* [Prompt]:
Find the line with "What we do on" in the records below. Output exactly from there until after the line with "And so there's", without pictures.

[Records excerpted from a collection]
______________________________
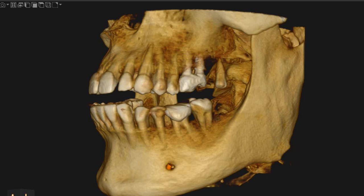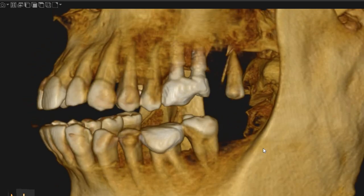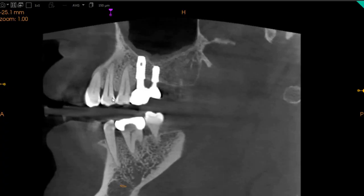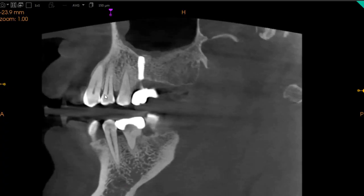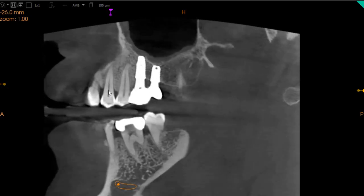Assalamu Alaikum, Ultra Scan Diagnostics here. This is the CBCT of the patient which you have requested. The area of interest is the upper left four and five for possible fractures. This is the sagittal view, which is basically the side-to-side view. On the sagittal view, this is the upper left four.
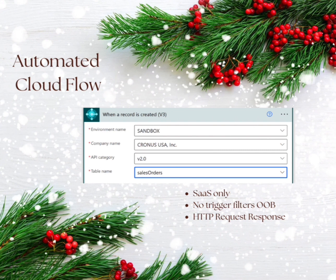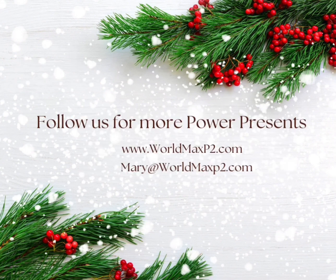When a record is created, it is actually an automated trigger for the SaaS connector. There are no trigger filters currently.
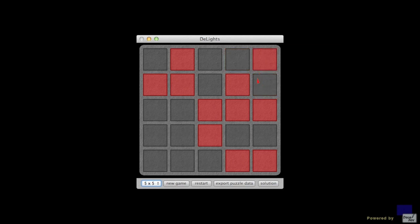So the goal of this game is to turn off all the lights by pressing the squares. We're going to analyze this game mathematically. Before we do that, we make a couple of observations.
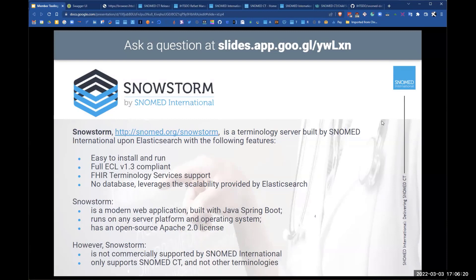What we do on the developer training day is very much what the video about deploying Snowstorm covers. We teach people how to deploy Snowstorm, how to run it, how to upload SNOMED, and how to upgrade SNOMED when there's a new version each time. So it's a good course — if you're interested, please do let the R&O know.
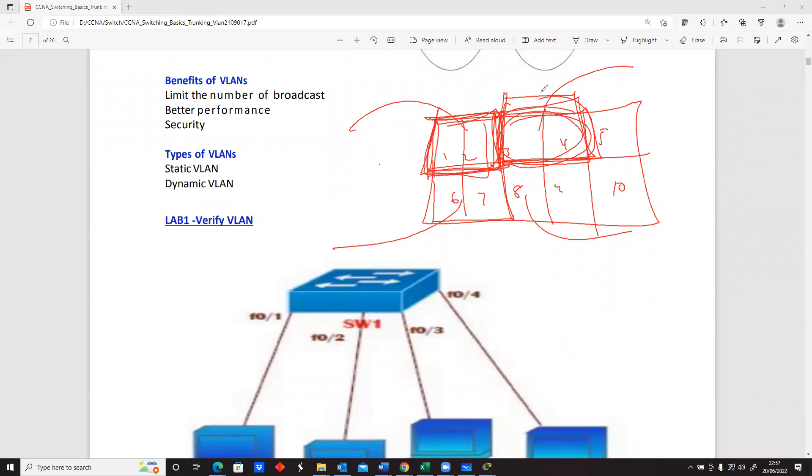And so there's no way information can flow from one network to the other easily, like the keyword is easily, because it has to go through some kind of routing before they'll be able to send information to a extent. So let's take it.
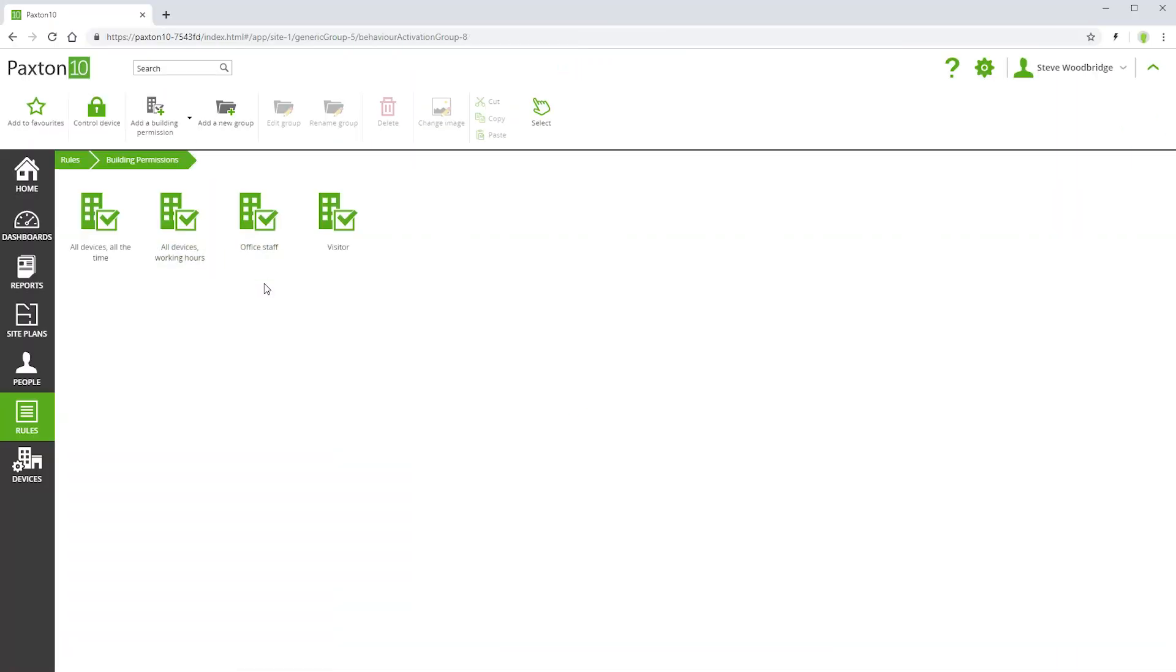There are two main ways of managing building permissions – by people group, or by individual. If managing permissions by group, then people groups, not individuals, are assigned building permissions. To give access rights to any person, they are simply moved into the appropriate group.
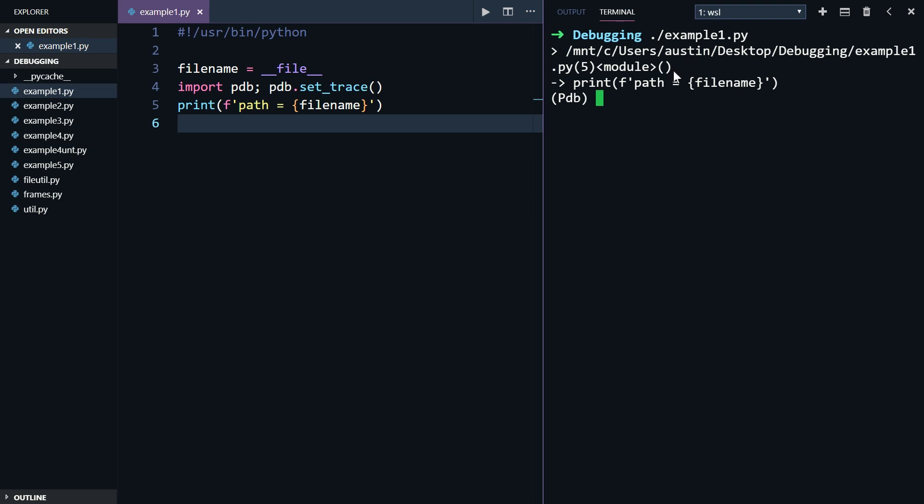Anyways, on the next line, we have an arrow, followed by the line the breakpoint is on. As you can see, the print function hasn't actually been called yet, because execution stops at the breakpoint and won't start executing that line until we tell it to.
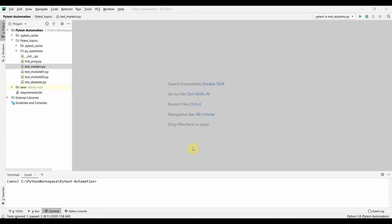Hi, welcome. In this session let us look into markers in PyTest. Markers are basically a way of grouping your tests or marking your tests, and you can separately run those groups or marked tests using the minus M option in PyTest. A test can have multiple markers, and the same marker can be used on multiple tests.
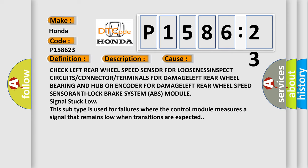Check left rear wheel speed sensor for looseness, inspect circuits or connector or terminals for damage, left rear wheel bearing and hub or encoder for damage, left rear wheel speed sensor, anti-lock brake system ABS module signal stuck low.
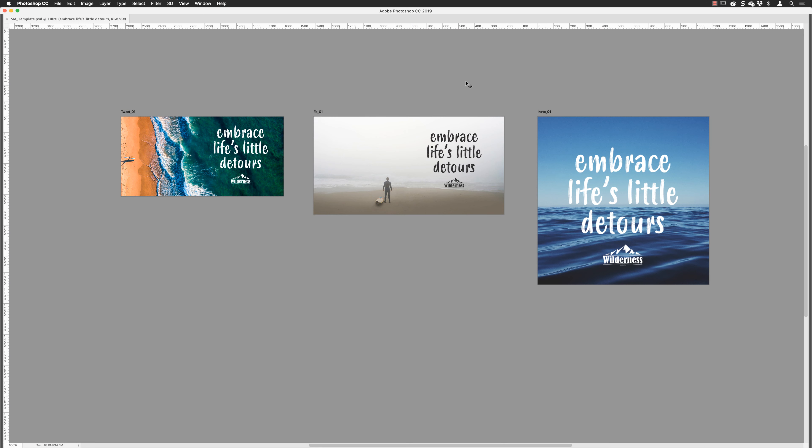Hey there folks, Gary Bradley here from Creative Frontiers in partnership with Hydra Creative to bring you this episode. I'm going to show you how you can expedite the whole process of creating engaging artwork for posting on to multiple social media platforms, because let's be honest it is very time-consuming. If you want to get complete control over how your brand looks and the message points, then Photoshop is great for that.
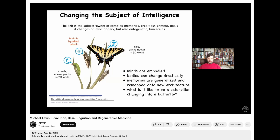This caterpillar is a soft-bodied kind of construction. It needs to turn into something quite different: this hard-bodied machine that flies around, drinks nectar, and has all sorts of different behaviors. It lives in a three-dimensional world. In order to get from here to here, this creature basically deconstructs its brain.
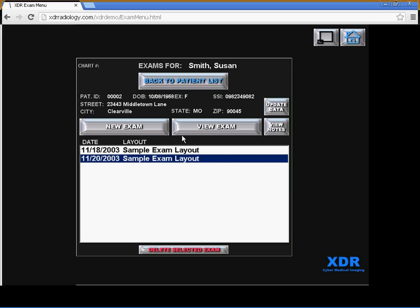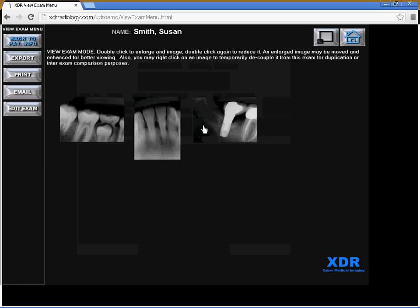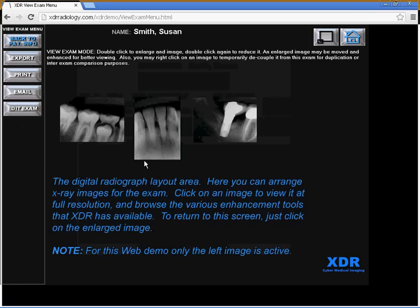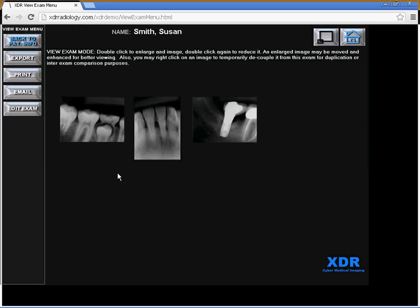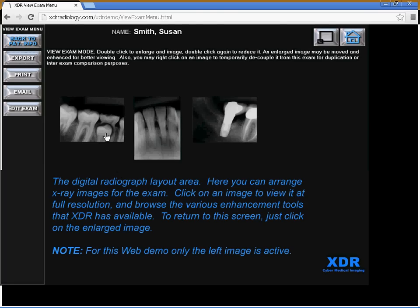If you were to click View Exam, it will show the digital radiograph layout area where we are pointing to now, where you may arrange x-rays for the exam.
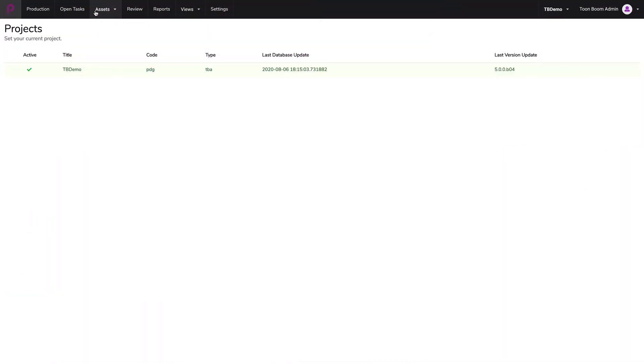Hi, let's take a look at how we can create scenes inside of Toon Boom Producer and synchronize them with Toon Boom Harmony server database.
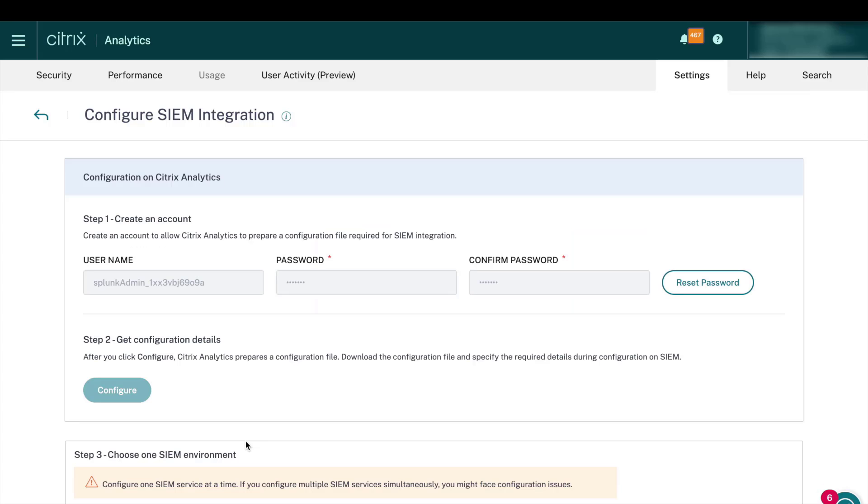Select the three dots and configure the SIM integration. This will take us to this next page. The user name here will be pre-populated for you. But the password fields will be empty. So you can enter the password of your choosing. And this is going to be used by Logstash to connect to Citrix Analytics.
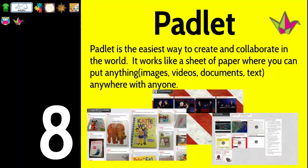Number eight is Padlet — basically a bulletin board on your computer. It's the easiest way to create and collaborate. It's very visual; you can import images, videos, documents, text, and really anything with a URL — you can embed it right into a Padlet. This is great if you want to showcase student work or have students research a topic and put all the information together. Padlet works like a sheet of paper, but you can put anything anywhere with anyone.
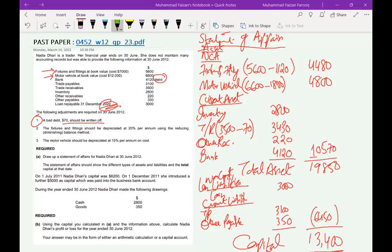This is the statement of affairs — an easy topic, but we need to focus. I always advise students: as you take each item from the question, mark it off. At the end, check that every number has been accounted for — not one, not two, but all of them. This ensures you have not missed any item. That completes Requirement A.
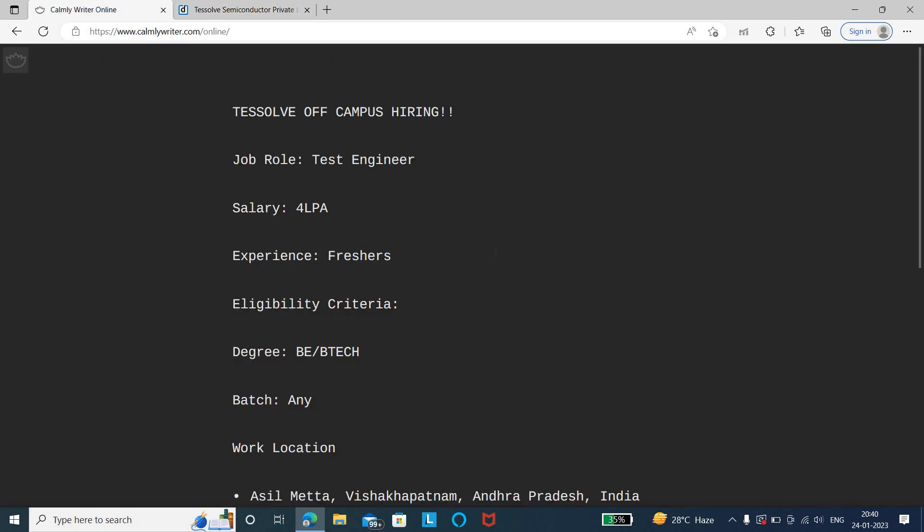This is all about the job details and the application link. The link will be provided in the description. You can quickly go and apply for the job role. Thank you friends for watching and do subscribe to our channel for more updates.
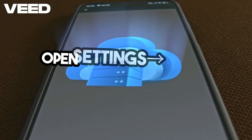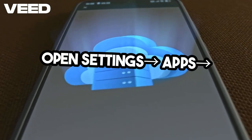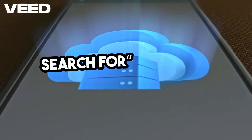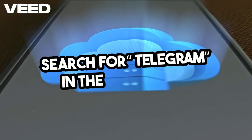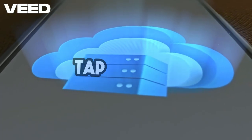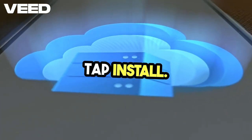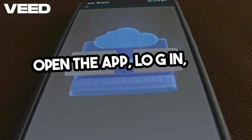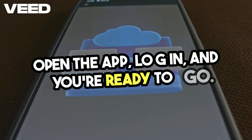If your Chromebook supports Android apps, open Settings, then Apps, and enable Google Play Store. Search for Telegram in the Play Store, tap Install, open the app, log in, and you're ready to go.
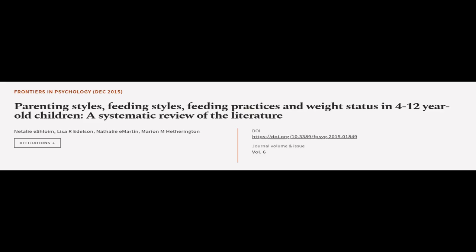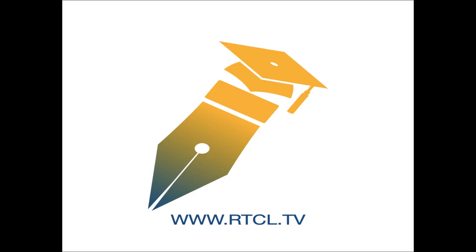This article was authored by Natalie E. Schloim, Lisa R. Edelson, Natalie E. Martin, and others. Wearearticle.tv, links in the description below.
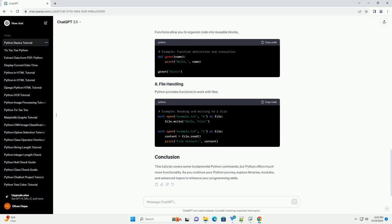This tutorial covers some fundamental Python commands, but Python offers much more functionality. As you continue your Python journey, explore libraries, modules, and advanced topics to enhance your programming skills.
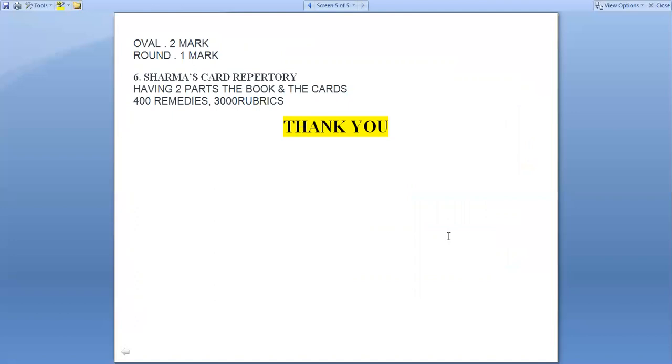Hope you understand this session. Thank you. If you have any query, please mention it in the comment box.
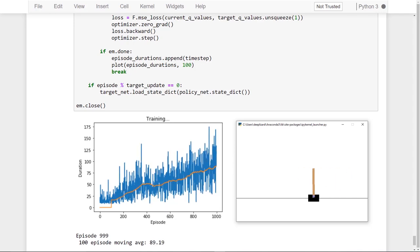We can see that the agent definitely did learn over time, but it didn't ever solve CartPole because the 100-episode moving average never reached a duration of 195 or more. We'll see in a future episode how we can experiment with tuning our hyperparameters and network architecture to increase performance.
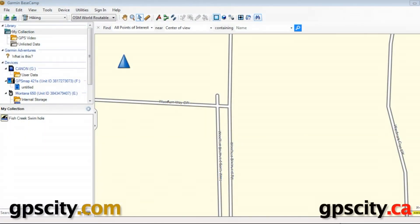In this video, I'm going to show you how to change some of the measurement units in Garmin Basecamp on a Windows computer.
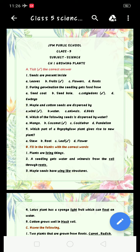Number 5: Which part of a bryophyllum plant gives rise to a new plant? Options are stem, fruit, leaf, flower. The right answer is leaf.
______________________________
* [Answer space]:
What we do on the developer training day is very much what the video about deploying Snowstorm covers. We teach people how to deploy Snowstorm, how to run it, how to upload SNOMED, and how to upgrade SNOMED when there's a new version each time. So it's a good course — if you're interested, please do let the R&O know.
And so there's no way information can flow from one network to the other easily, like the keyword is easily, because it has to go through some kind of routing before they'll be able to send information to a extent. So let's take it.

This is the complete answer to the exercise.